- Data entries:
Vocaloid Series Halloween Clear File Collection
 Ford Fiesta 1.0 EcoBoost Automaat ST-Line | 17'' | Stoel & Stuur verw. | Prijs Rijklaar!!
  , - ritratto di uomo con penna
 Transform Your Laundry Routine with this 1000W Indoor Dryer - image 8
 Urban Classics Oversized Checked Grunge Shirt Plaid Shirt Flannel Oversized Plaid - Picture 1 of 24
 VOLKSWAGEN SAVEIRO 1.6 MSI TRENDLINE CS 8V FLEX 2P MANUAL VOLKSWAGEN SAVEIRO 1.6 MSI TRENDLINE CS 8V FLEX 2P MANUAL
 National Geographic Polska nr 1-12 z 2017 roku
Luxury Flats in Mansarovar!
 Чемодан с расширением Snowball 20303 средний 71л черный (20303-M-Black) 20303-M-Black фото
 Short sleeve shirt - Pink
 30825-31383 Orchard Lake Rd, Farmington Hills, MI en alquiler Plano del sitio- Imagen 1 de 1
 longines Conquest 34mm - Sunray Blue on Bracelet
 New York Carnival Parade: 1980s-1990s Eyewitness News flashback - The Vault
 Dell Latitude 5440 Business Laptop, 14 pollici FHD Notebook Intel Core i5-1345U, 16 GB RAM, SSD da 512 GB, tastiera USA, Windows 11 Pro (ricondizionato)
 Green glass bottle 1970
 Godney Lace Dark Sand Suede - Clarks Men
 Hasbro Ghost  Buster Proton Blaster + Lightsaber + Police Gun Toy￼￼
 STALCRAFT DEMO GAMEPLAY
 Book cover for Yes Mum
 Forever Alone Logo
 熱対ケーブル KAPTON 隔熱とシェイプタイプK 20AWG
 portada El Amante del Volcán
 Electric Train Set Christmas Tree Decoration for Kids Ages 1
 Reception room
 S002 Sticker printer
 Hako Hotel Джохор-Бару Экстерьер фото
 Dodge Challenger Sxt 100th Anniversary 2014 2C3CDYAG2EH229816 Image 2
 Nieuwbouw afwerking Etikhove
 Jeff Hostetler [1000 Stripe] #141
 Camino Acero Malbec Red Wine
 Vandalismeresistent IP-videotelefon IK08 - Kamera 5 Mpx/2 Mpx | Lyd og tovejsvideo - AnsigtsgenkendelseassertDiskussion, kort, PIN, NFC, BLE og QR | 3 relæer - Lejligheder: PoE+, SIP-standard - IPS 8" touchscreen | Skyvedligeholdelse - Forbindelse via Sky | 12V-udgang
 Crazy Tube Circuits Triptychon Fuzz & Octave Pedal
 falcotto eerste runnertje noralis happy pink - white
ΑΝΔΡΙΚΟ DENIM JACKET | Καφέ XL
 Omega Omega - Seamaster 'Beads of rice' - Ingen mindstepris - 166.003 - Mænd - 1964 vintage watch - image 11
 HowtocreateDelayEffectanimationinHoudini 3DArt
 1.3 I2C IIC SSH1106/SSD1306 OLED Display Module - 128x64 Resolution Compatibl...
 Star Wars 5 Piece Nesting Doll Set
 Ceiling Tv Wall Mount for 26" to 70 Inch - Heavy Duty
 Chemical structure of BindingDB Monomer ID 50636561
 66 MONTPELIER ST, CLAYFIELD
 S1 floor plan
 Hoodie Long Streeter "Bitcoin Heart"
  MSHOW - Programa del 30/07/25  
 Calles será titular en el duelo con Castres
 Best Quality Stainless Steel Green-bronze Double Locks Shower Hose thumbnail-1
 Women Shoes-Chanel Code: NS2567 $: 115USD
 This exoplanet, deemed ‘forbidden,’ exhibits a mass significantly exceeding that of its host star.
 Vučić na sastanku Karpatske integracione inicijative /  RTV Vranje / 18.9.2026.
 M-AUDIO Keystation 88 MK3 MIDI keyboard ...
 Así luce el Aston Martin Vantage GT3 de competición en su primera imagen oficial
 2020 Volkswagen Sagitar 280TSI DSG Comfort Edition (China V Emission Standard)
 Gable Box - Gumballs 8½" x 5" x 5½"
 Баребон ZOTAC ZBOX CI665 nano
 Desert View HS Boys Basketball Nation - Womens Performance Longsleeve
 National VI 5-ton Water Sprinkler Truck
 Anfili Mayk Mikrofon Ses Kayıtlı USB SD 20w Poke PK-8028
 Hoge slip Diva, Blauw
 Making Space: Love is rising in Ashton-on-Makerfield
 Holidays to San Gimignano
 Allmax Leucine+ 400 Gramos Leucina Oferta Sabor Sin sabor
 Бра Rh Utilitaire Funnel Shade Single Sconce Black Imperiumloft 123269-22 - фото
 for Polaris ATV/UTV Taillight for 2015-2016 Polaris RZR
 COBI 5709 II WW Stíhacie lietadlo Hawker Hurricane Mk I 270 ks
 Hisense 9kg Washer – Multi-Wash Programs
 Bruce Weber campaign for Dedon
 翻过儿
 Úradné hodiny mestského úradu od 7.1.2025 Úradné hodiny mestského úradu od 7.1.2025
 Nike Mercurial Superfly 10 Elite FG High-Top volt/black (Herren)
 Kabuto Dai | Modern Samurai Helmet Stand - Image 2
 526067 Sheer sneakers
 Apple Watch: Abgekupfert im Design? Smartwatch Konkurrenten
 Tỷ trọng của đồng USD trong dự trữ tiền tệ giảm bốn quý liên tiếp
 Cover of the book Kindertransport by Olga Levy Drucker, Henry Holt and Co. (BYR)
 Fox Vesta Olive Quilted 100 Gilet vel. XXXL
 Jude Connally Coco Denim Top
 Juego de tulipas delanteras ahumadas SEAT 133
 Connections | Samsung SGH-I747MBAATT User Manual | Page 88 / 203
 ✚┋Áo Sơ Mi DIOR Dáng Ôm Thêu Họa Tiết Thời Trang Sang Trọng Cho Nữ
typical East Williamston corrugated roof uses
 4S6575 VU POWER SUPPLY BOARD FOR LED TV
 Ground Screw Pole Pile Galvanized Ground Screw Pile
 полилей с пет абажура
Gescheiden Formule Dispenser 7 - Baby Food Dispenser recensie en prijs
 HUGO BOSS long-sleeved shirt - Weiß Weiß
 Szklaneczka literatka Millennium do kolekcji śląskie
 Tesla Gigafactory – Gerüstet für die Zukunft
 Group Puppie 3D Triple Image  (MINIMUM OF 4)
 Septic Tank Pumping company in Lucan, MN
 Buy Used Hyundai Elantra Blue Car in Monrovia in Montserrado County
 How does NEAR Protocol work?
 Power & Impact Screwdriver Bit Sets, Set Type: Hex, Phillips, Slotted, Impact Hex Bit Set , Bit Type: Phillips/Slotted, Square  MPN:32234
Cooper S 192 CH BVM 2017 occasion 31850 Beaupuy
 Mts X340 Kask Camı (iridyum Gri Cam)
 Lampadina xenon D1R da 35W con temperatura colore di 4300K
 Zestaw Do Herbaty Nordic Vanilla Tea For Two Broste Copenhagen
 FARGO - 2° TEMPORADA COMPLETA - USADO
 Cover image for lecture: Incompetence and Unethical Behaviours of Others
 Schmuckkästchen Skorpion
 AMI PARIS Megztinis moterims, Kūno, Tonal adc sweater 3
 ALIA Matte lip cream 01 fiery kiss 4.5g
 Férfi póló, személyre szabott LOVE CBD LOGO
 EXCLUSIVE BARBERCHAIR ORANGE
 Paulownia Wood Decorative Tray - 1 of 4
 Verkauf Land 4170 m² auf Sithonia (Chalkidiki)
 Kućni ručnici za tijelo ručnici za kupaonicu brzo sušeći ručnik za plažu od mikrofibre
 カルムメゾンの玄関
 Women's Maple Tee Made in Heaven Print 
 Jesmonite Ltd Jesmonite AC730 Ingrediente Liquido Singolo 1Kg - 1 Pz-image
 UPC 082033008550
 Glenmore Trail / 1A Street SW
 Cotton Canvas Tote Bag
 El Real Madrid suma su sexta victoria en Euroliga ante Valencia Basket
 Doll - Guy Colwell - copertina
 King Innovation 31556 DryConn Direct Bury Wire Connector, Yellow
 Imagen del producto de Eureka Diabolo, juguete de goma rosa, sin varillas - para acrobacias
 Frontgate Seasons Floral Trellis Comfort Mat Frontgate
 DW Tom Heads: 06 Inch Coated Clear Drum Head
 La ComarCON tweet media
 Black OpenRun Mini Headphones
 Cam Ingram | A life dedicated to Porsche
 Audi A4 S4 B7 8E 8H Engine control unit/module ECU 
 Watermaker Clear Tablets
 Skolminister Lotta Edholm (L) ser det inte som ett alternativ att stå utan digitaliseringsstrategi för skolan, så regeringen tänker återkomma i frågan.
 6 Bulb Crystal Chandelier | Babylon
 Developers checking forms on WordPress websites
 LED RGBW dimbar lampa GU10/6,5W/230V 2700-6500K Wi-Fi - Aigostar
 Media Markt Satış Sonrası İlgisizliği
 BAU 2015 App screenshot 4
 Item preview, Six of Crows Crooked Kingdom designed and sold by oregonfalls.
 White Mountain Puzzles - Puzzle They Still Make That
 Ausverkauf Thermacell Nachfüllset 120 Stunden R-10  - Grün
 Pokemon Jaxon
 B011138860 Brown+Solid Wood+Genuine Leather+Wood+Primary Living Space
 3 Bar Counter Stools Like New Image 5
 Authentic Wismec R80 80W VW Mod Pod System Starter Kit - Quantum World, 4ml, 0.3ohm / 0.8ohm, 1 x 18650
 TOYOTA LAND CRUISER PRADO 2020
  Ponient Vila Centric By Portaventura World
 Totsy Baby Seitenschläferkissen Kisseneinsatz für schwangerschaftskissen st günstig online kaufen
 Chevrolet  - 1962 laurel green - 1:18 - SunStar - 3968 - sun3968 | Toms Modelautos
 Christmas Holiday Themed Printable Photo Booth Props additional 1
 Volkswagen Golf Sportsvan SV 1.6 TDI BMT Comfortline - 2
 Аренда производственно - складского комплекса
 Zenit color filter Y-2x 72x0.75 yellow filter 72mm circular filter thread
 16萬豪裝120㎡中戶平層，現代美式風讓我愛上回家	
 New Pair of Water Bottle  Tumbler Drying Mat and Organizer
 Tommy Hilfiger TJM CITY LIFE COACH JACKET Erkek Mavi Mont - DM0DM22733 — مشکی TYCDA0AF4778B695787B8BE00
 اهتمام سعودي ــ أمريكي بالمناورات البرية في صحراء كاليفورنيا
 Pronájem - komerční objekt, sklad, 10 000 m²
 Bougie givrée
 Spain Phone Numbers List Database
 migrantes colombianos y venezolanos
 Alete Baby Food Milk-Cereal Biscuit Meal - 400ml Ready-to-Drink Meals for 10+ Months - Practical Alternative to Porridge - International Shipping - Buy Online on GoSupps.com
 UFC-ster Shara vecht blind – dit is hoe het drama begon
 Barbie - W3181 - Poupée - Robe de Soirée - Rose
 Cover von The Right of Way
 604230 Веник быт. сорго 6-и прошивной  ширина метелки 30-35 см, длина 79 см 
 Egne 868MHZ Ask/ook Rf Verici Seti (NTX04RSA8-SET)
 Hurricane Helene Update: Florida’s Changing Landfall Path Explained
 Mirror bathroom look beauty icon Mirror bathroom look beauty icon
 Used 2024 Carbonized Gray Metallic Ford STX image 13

- Description of the task: Check the records above and copy each line that has the string "Christmas".

- Answer for the task:
 Electric Train Set Christmas Tree Decoration for Kids Ages 1
 Christmas Holiday Themed Printable Photo Booth Props additional 1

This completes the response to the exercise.